Its flower is also similar to those of other hammer orchids in that the labellum resembles a flightless female thynnid wasp, in this case Zaspilothynnus gilesi. It can be distinguished from other species by its lack of a spine on the column. The flowers of Drakaea glyptodon and Drakaea concolor also lack a spine but can be distinguished from this species by having a dark green leaf (D. concolor) or distinct veins in the leaf (D. glyptodon). The sepal at the back of the flower is 12-15 mm long and the two at the sides are 12-14 mm. The petals are also 12-14 mm long. The insect-like labellum has a "head" about half as long as the "body" and is light coloured and hairy for most of it length. The rest of the labellum (representing the female "body" of the insect) is light green on the upper half, with a few scattered dark spots while the lower half is dark maroon. Flowers appear from late September to early November.

== Taxonomy and naming ==
Drakaea elastica was first formally described by John Lindley in 1840 in A Sketch of the Vegetation of the Swan River Colony. Since then the name has been misapplied to other hammer orchids, including the more common one known as warty hammer orchid (Drakaea livida). The specific epithet (elastica) is derived from the Ancient Greek word elastikos meaning "elastic".

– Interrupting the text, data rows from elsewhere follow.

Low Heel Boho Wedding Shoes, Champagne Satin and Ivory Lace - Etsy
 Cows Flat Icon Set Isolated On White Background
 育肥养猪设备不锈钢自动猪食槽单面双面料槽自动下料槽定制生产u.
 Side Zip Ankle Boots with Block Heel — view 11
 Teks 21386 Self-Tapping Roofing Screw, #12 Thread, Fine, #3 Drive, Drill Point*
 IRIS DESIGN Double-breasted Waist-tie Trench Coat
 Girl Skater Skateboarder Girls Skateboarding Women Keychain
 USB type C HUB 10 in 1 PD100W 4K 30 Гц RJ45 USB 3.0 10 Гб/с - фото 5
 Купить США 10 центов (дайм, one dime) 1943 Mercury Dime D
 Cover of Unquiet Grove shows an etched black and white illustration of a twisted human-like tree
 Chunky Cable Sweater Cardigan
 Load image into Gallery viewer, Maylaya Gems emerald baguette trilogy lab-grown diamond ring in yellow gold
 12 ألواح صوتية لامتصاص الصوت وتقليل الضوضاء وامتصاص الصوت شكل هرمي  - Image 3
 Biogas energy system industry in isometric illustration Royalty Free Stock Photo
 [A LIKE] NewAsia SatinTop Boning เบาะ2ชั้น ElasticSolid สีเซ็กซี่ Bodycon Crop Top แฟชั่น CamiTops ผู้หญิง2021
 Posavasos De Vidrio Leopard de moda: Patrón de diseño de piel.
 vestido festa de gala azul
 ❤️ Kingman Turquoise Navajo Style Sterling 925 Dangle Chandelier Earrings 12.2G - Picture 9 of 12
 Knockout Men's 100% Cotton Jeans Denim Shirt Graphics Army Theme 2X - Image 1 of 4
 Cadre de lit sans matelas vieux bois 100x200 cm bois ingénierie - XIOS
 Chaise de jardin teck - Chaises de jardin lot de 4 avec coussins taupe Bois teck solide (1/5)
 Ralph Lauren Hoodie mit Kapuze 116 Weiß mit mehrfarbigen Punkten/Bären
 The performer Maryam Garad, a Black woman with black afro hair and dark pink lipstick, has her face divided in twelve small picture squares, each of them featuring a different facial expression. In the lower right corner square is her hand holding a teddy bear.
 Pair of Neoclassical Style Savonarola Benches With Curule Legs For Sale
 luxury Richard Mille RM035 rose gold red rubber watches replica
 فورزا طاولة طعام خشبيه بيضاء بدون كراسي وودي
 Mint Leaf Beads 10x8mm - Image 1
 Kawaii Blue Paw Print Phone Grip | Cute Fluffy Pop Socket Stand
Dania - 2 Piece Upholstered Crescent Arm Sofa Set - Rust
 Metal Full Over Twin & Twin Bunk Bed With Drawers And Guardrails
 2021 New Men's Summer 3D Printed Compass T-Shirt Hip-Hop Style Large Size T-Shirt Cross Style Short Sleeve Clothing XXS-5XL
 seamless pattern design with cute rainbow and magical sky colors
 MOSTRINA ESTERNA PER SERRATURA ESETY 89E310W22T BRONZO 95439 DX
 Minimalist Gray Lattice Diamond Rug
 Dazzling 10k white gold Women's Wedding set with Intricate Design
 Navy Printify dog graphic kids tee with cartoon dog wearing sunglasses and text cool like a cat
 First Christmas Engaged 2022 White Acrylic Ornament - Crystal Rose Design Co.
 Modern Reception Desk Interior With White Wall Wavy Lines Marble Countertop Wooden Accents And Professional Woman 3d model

== Distribution and habitat ==
The glossy-leaved hammer orchid is only known from the Cataby and Busselton districts in the Swan Coastal Plain biogeographic zone. It grows in deep sand in woodland in low-lying areas near temporary swamps.

== Conservation ==
Drakaea elastica is known from 42 locations but most of these contain fewer than 15 plants and only one contains half of the known individual plants. The Western Australian Government Department of Parks and Wildlife classifies the species as "threatened" meaning that it is considered likely to become extinct, or rare and in need of special protection. The Australian Government lists its status under the Environmental Protection and Biodiversity Conservation Act as "vulnerable". The main threats to the species' survival include weed invasion, recurrent fire, dieback disease, rubbish dumping and illegal vehicle usage.